Using the listing below, give again exactly the lines from the line with "14K Yellow Gold" to the line with "Façade de la", inclusive, without the pictures.

RECORDS FOR THE TASK »
• • • • •
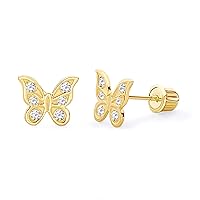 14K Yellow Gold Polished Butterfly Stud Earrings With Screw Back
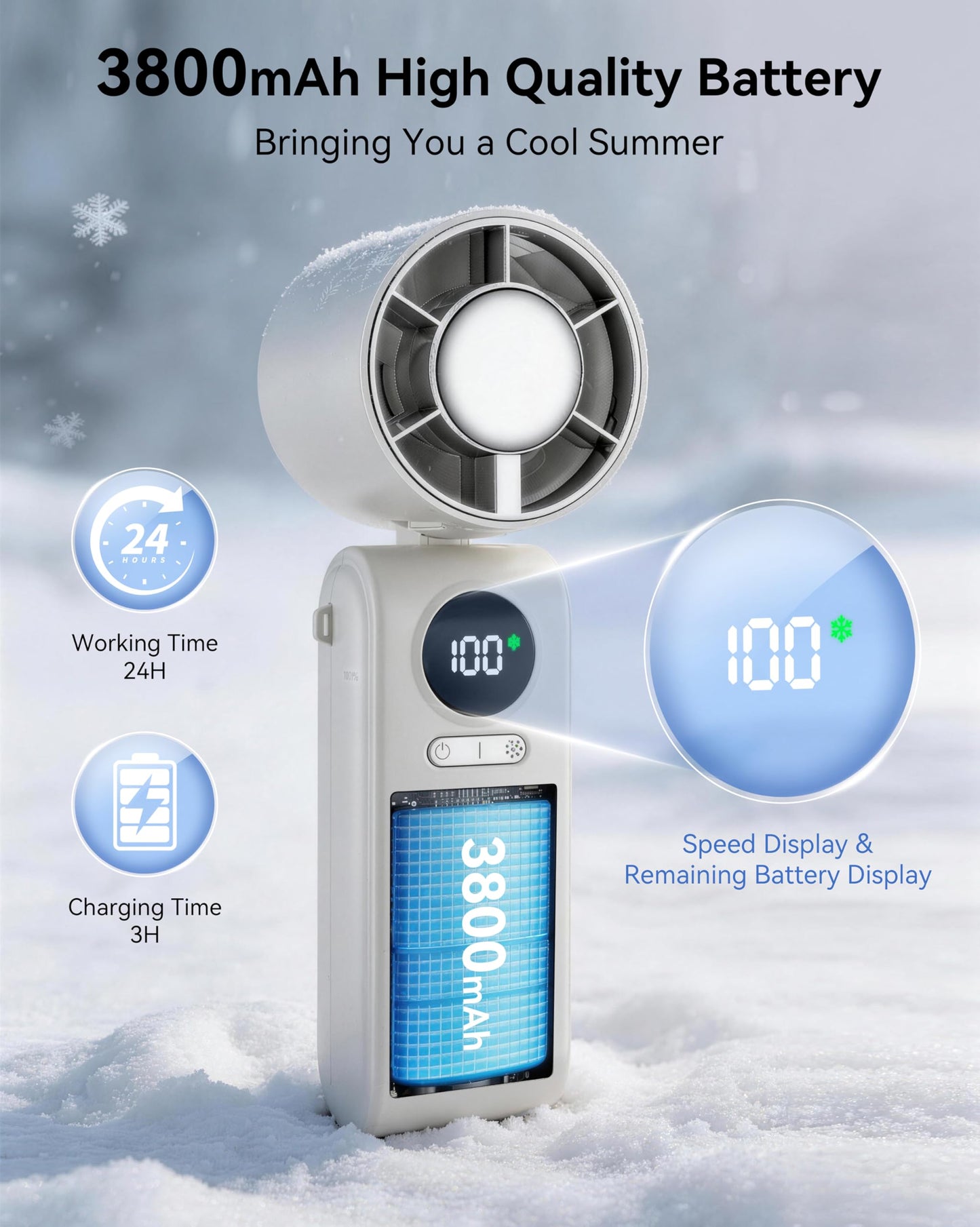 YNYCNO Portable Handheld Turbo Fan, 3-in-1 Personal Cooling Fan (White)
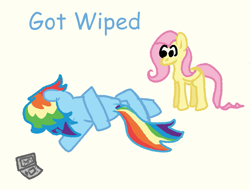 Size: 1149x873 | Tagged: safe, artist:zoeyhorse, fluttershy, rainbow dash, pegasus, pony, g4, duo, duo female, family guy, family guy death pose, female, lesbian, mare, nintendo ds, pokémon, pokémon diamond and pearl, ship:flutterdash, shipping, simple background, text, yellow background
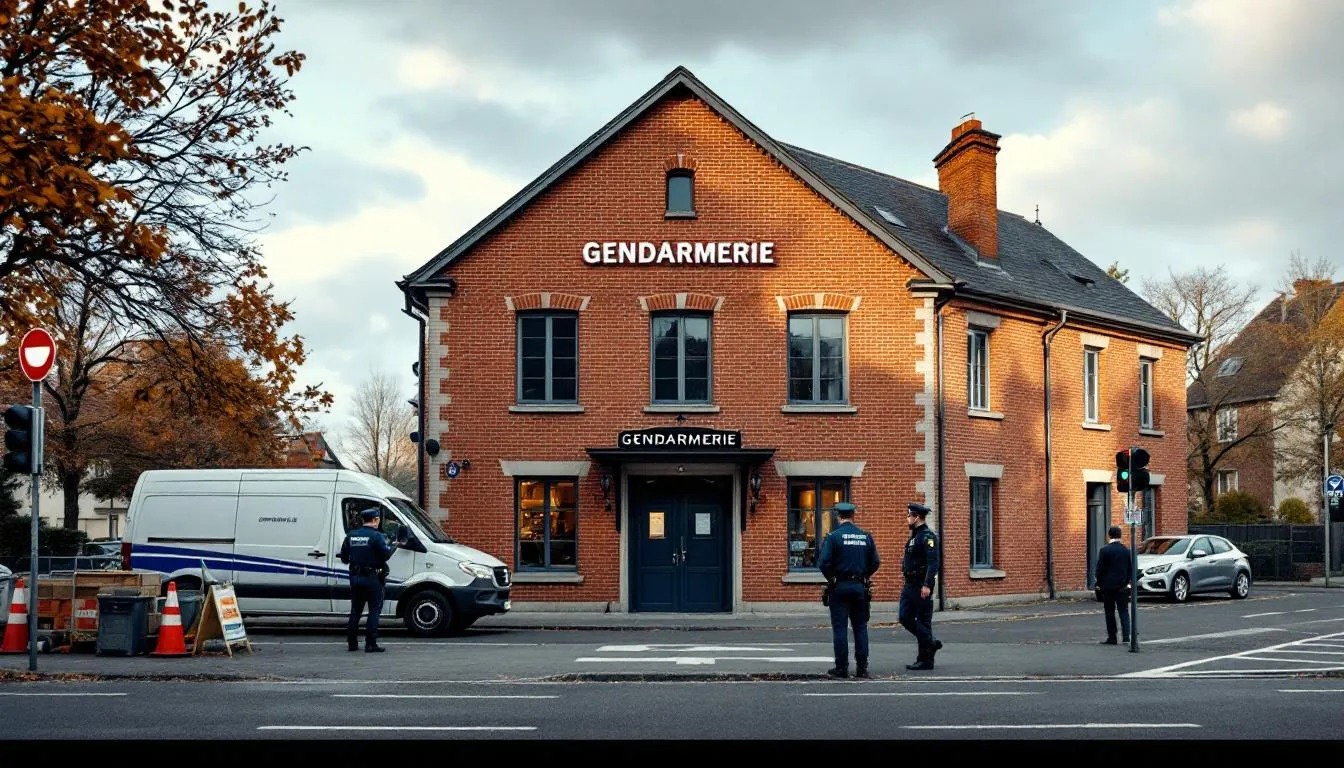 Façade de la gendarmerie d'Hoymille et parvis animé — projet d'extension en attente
• • • • •
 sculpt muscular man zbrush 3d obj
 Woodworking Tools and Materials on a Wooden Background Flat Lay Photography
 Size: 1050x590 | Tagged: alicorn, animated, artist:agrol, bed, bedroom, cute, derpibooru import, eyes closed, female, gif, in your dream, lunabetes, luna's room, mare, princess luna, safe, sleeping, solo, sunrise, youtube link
• • • • •
WRITTEN ANSWER »
 14K Yellow Gold Polished Butterfly Stud Earrings With Screw Back
 YNYCNO Portable Handheld Turbo Fan, 3-in-1 Personal Cooling Fan (White)
 Size: 1149x873 | Tagged: safe, artist:zoeyhorse, fluttershy, rainbow dash, pegasus, pony, g4, duo, duo female, family guy, family guy death pose, female, lesbian, mare, nintendo ds, pokémon, pokémon diamond and pearl, ship:flutterdash, shipping, simple background, text, yellow background
 Façade de la gendarmerie d'Hoymille et parvis animé — projet d'extension en attente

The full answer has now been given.